Agreeing terms with your coach

The price is right.

How to work with a coach, part 5

If you have been following the guidelines in earlier posts in this series, you should have been able to find one or two coaches with whom you would be confident to work. But what should you be paying for their services?

The price of coaching is a bit of a vexed issue. At first glance, there is not much transparency of pricing. Rather than post their rate on their websites, many coaches prefer you to ask. If you do this a few times, you’ll find that prices for coaching vary a great deal. You can pay anything from £50 per hour for a life coach working in your local neighbourhood to a four-figure sum for an executive coach working in large corporations.

To compound the confusion, many coaches themselves charge different rates for different types of clients. And herein lies the reason why they might be reluctant to publish their rates. Practitioners are more aware than most of the potential benefits that coaching can offer to people in a wide range of situations.
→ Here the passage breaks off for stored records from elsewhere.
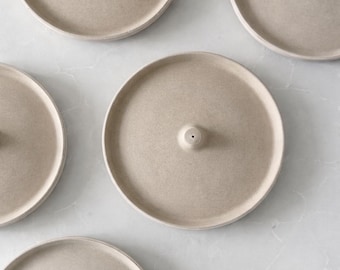 Minimal Incense Holder, Handmade Concrete Incense Holder Tray, Round Incense Holder, Incense Stick Holder, Neutral Incense Holder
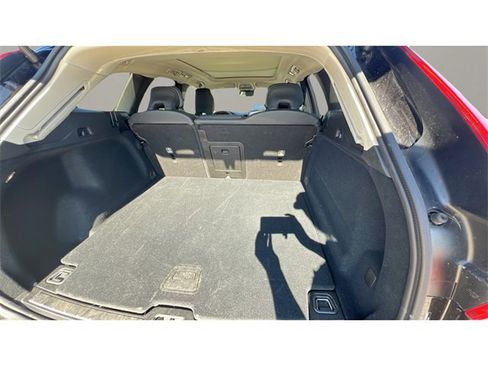 Used 2025 Volvo XC60 B5 Plus image 29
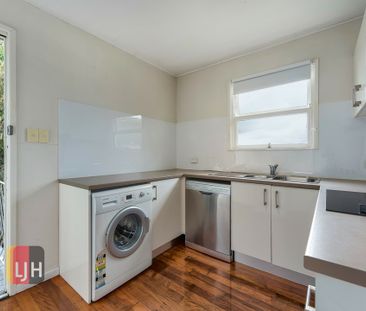 AIR CONDITIONED TWO BEDROOM UNIT WITH AIR COURTYARD! - Photo 6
So they are especially keen that coaching shouldn’t be a luxury affordable only to the well-off or those sponsored by their company. For this reason, many coaches are prepared to discount their commercial rates to meet the budgets of, for example, charities, small businesses or individuals paying their own way.
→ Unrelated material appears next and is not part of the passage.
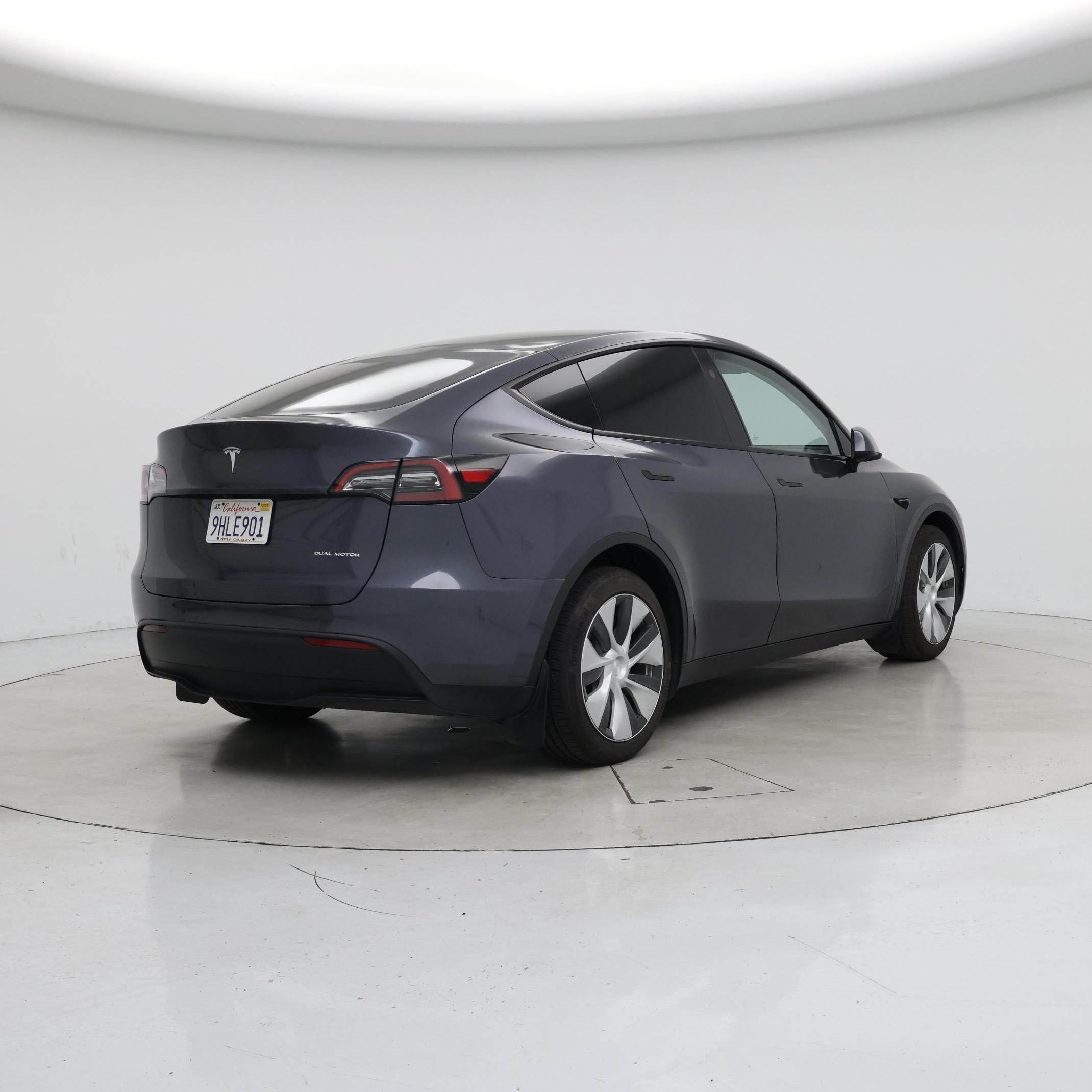 Thumbnail: 2023 Tesla Model Y - 8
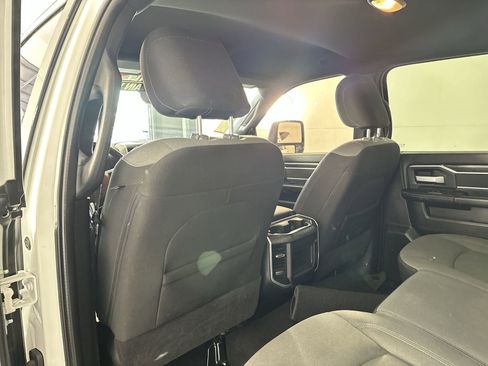 Used 2024 RAM 2500 Big Horn w/ Off Road Package image 24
This creates a difficulty in quoting prices on coaches’ websites. If they quote their full commercial rate, this might deter individuals with limited means from even picking up the phone. But if they quote the rates to which they will discount for certain types of clients, this might put pressure on their business with commercial clients.

One lesson to take from this is that coaching is one area which is not governed by the maxim, “If you have to ask, you can’t afford it.” Another is that, before you pick up the phone to a coach, you should have a good idea of the going rate for the type of client you are and the budget you have available. If you keep in mind that your prospective coach is keen to make the coaching affordable, there are a number of options for reaching satisfactory terms.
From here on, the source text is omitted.